Vietnam’s office space sector stands out for its optimism in Savills’ 2023 Office Market Forecast, surpassing regional markets. Both Ho Chi Minh City and Hanoi have experienced a surge in premium office projects, boosting competitiveness and leading to increased vacancy rates in older projects. Despite global post-pandemic challenges impacting the office market, Vietnam has demonstrated resilience, defying diminishing demand trends seen in other regions, which can be attributed to factors such as a shift in supply sources, tenant resource reassessments, and evolving needs.
“The office market has bucked the global trend and maintained strong occupancy rates, with steady rental growth,” said Mr. Neil MacGregor, Managing Director of Savills Vietnam. “Indeed, Ho Chi Minh City’s office market stands out as one of the best performers in the Asia-Pacific region.”
In the third quarter of 2023, Ho Chi Minh City’s office market experienced a 3 per cent quarterly and 4 per cent annual increase in supply, propelled by four new projects, notably in the Thu Thiem urban area, contributing 90 per cent of market share. The addition of Grade A projects like The METT and The Hallmark in the area, along with city center contributions such as the renovated Grade B project The Waterfront Saigon and the new Grade C project L’MAK The Signature, significantly boosted the market’s net leasable area (NLA).
Despite a 1 per cent decline in overall occupancy rates from the previous quarter and a 3-point annual decline, the market maintained a robust 90 per cent occupancy level. Average rental prices saw a quarterly increase of 4 per cent and an annual surge of 7 per cent, reaching VND771,000 ($31.78) per sq m per month. Six new projects are expected in the fourth quarter, including The Nexus and VP Bank Saigon Tower, with over 80 per cent of the future Grade A and B supply obtaining green certifications.
“The positive market activity is driven by high demand for new Grade A projects,” said Ms. Giang Huynh, Deputy Director, Head of Market Research and S22M at Savills Vietnam. “After years of scarce supply of high-end office space, the new supply has attracted companies in the FIRE sector.”
In Hanoi, office supply increased 1 per cent quarterly and 2 per cent annually, reaching 2.16 million sq m NLA, with the western area being the primary contributor, with a 41 per cent market share. In the third quarter of 2023, gross rental prices rose 2 per cent quarterly and annually to VND513,000 ($21.15) per sq m per month, driven by the Grade A office segment, where rents increased by 2 per cent quarterly to VND824,000 ($33.97) per sq m per month. Although capacity increased 1 percentage point quarterly, it experienced an annual decline of 2 points to 85 per cent.
The quarter recorded the highest total leasing area since 2020, reaching 44,500 sq m, with Grade A offices maintaining their appeal among new tenants, especially foreign companies seeking prime locations. Looking ahead to the end of 2026, more than 256,000 sq m of office space from 13 projects is anticipated, with 77 per cent constituting Grade A office supply. Notably, projects like 27-29 Ly Thai To, Grand Terra, and Tien Bo Plaza are expected to provide 68,400 sq m of green office space by the end of 2025, aligning with businesses’ significant commitment to ESG.
By 2026, Ho Chi Minh City and Hanoi anticipate substantial changes in their office markets. In Ho Chi Minh City, Savills’ 2023 Office Market Forecast predicts 20 per cent growth in Grade A and B office supply, adding 200,000 sq m by that time. Despite economic challenges, the market remains resilient, offering opportunities for investors targeting the growing middle class.
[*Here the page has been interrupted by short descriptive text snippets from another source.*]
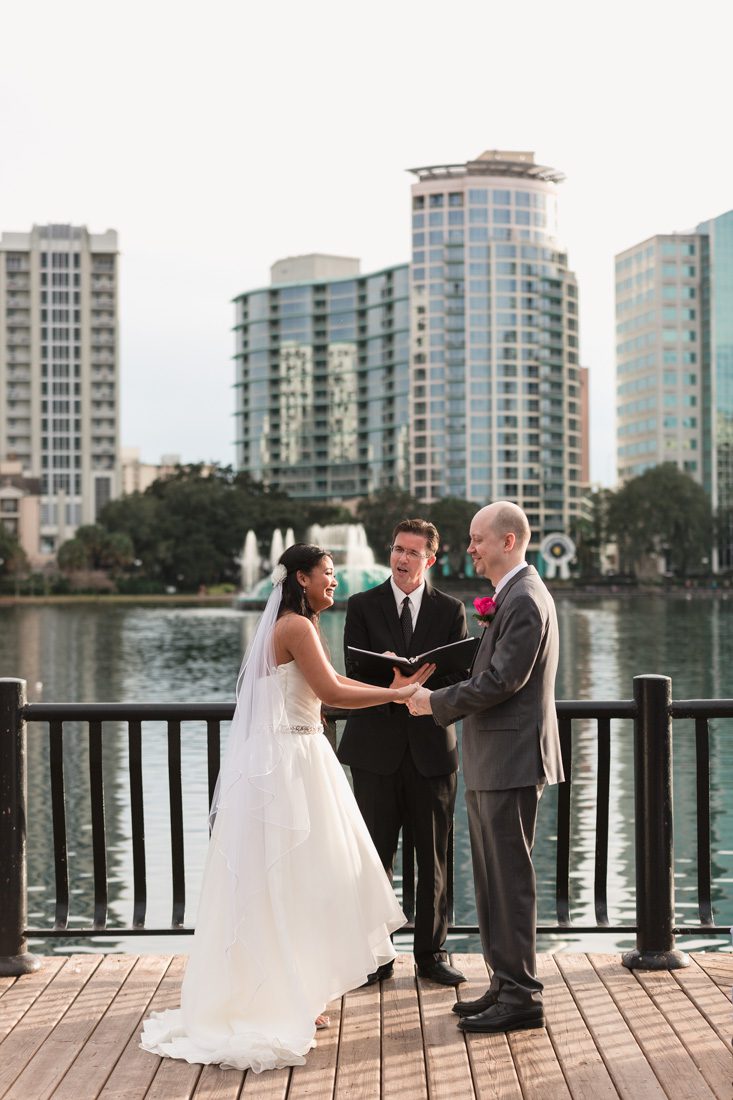 Top Orlando wedding photographer captures intimate elopement wedding ceremony at Lake Eola in downtown Orlando 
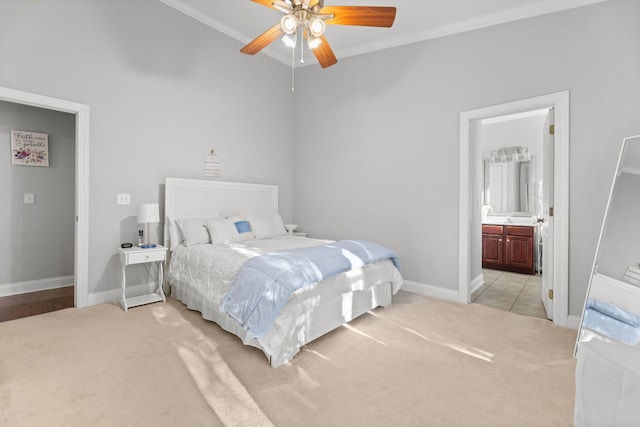 carpeted bedroom featuring ensuite bath, crown molding, and ceiling fan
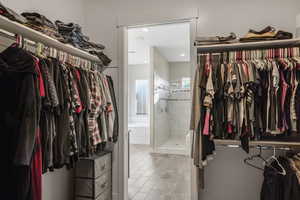 Spacious closet featuring wood finished floors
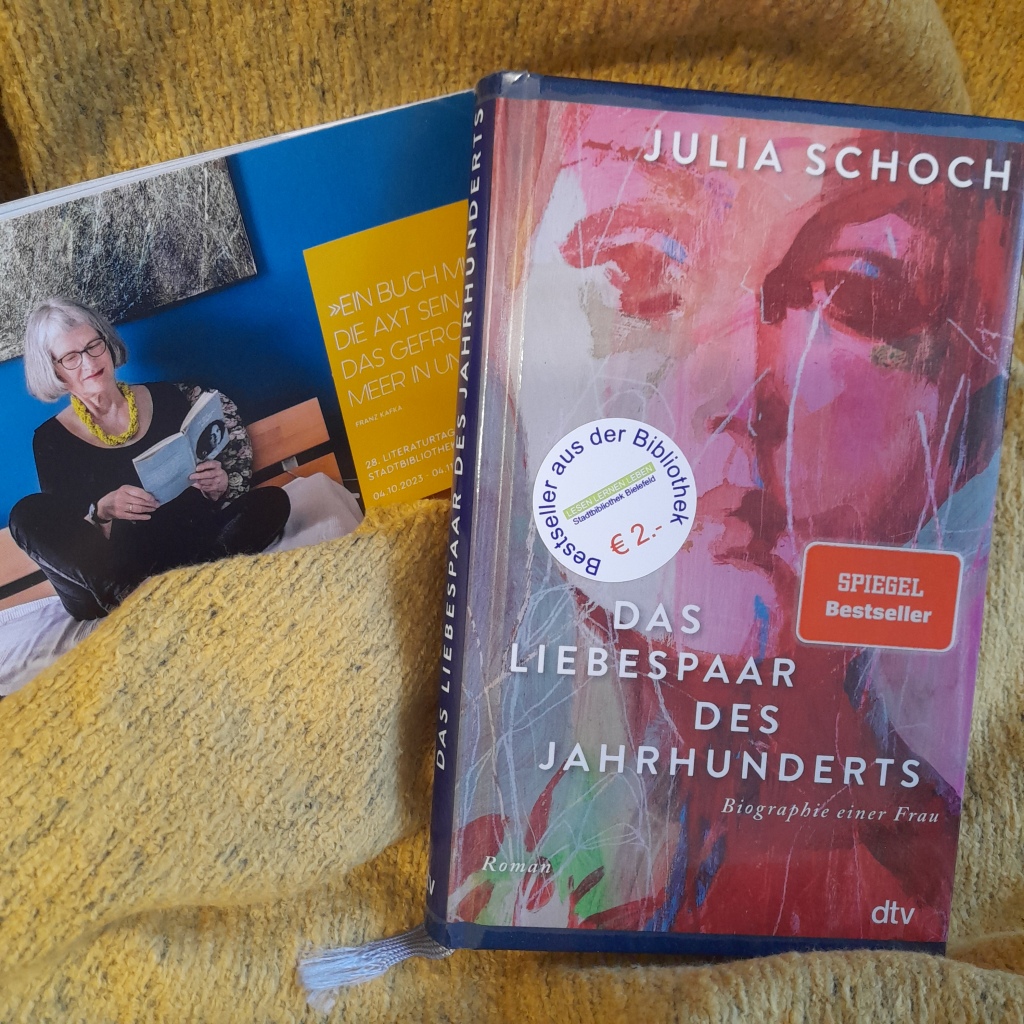 Auf einer gelben Decke liegen das Buch "Das Liebespaar des Jahrhunderts: Biographie einer Frau" von Julia Schoch und das Programmheft der Literaturtage 2023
Savills foresees rental fluctuations of 1-2 per cent, a 6 per cent annual increase in rental area, and a shift in vacancy rates from 12 per cent in the short term to 8 per cent by 2025. Hanoi expects a 13 per cent increase in Grade A and B office space by 2026, with rental dynamics ranging from stability to a 1 per cent decrease. Major projects entering the market, particularly in the Grade A segment, are likely to influence rental prices and capacity, with a slight decrease anticipated.